• PROBLEM REQUIREMENTS:
What must be written out is each line from the one holding "The OpenAI models" through the end of the records, word for word, minus any pictures.

(Data items)
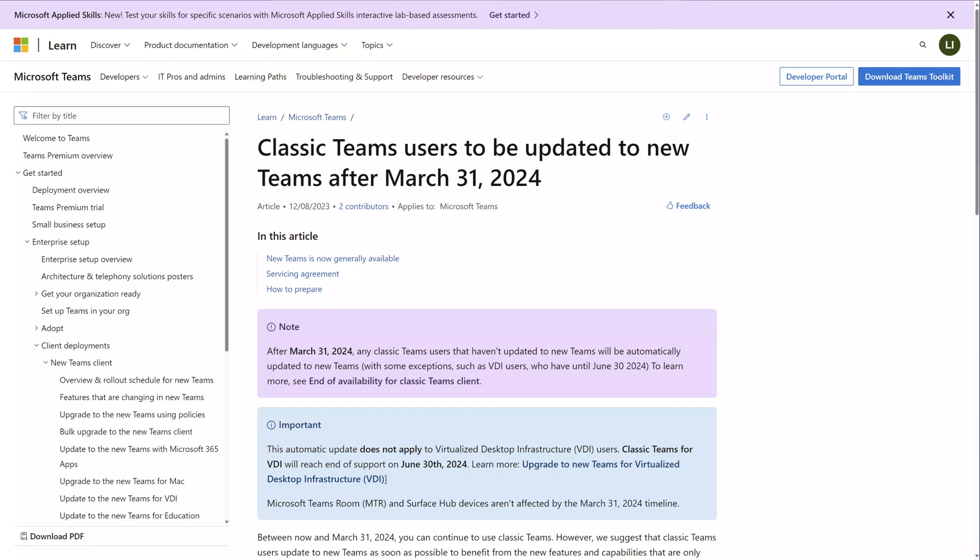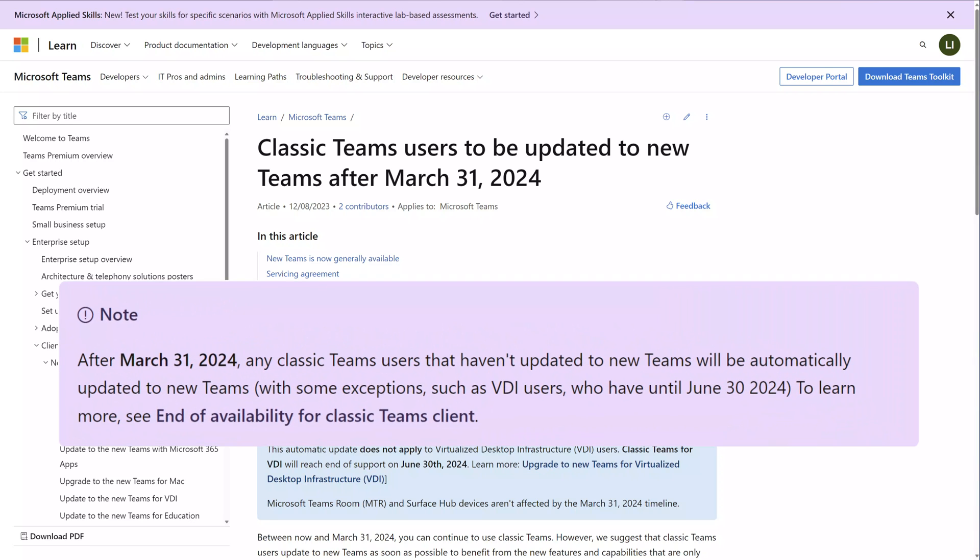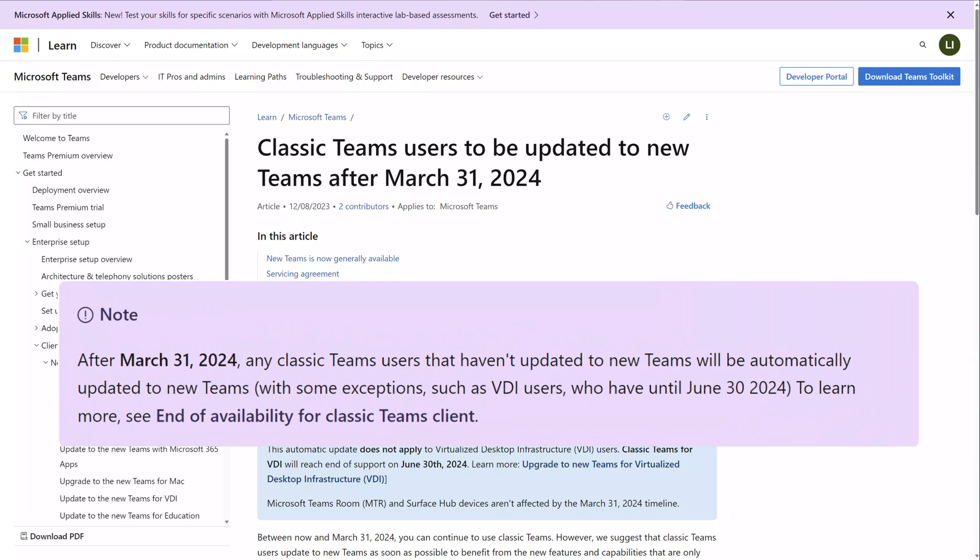But here's what's changing. On April 1st, 2024, Microsoft will be retiring the classic desktop app and will automatically force upgrade all users who haven't yet switched to the new version. If you're wondering whether or not Microsoft 365 administrators can block this change, unfortunately, the answer is no.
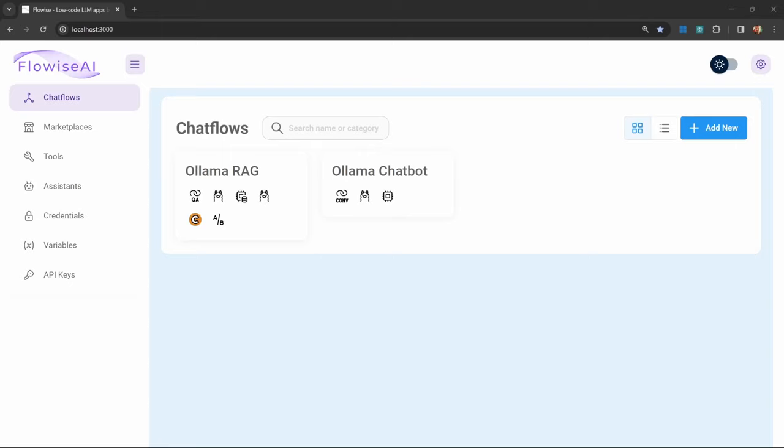The OpenAI models used throughout this series are incredibly powerful, but they do come at a small cost. Sometimes all you need is a chatbot that runs on your local machine and won't break the bank. In this video, I will show you how to build a RAG chatbot without spending any money using FlowWise and Ollama.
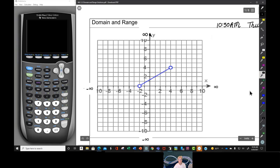Let's talk about domain and range. We've talked about it a little bit, and we're going to talk about it a lot now.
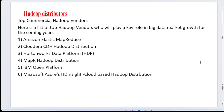Today I'm going to explain the topic of Hadoop distributors. In big data analytics, we have a lot of vendors in the market who provide Hadoop services. There are many different kinds of organizations and vendors out there, so let's see who those different kinds of vendors are.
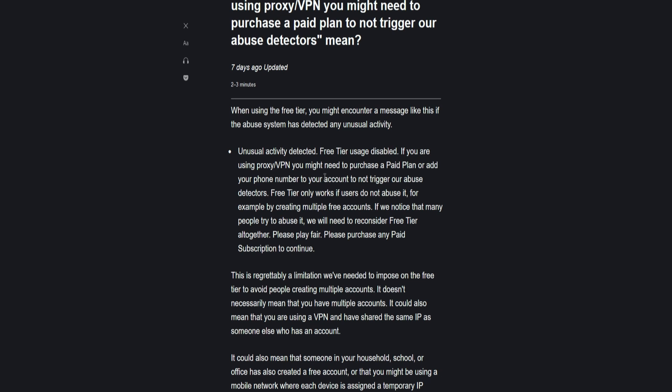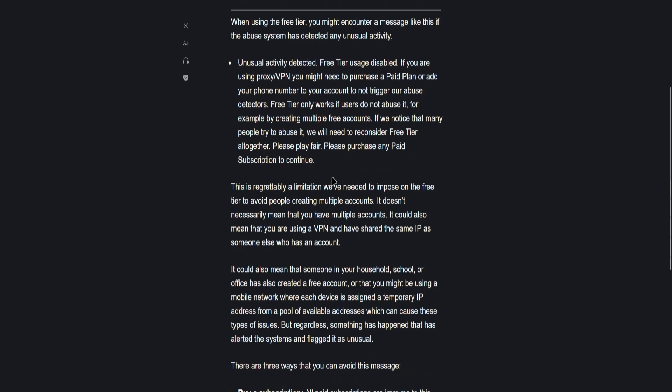we will need to reconsider free tier altogether. So please play fair and purchase any paid subscription to continue. The only reason 11 Labs does this is to prevent users from abusing their free plan system.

• FINISHED EXERCISE:
The OpenAI models used throughout this series are incredibly powerful, but they do come at a small cost. Sometimes all you need is a chatbot that runs on your local machine and won't break the bank. In this video, I will show you how to build a RAG chatbot without spending any money using FlowWise and Ollama.
Let's talk about domain and range. We've talked about it a little bit, and we're going to talk about it a lot now.
Today I'm going to explain the topic of Hadoop distributors. In big data analytics, we have a lot of vendors in the market who provide Hadoop services. There are many different kinds of organizations and vendors out there, so let's see who those different kinds of vendors are.
we will need to reconsider free tier altogether. So please play fair and purchase any paid subscription to continue. The only reason 11 Labs does this is to prevent users from abusing their free plan system.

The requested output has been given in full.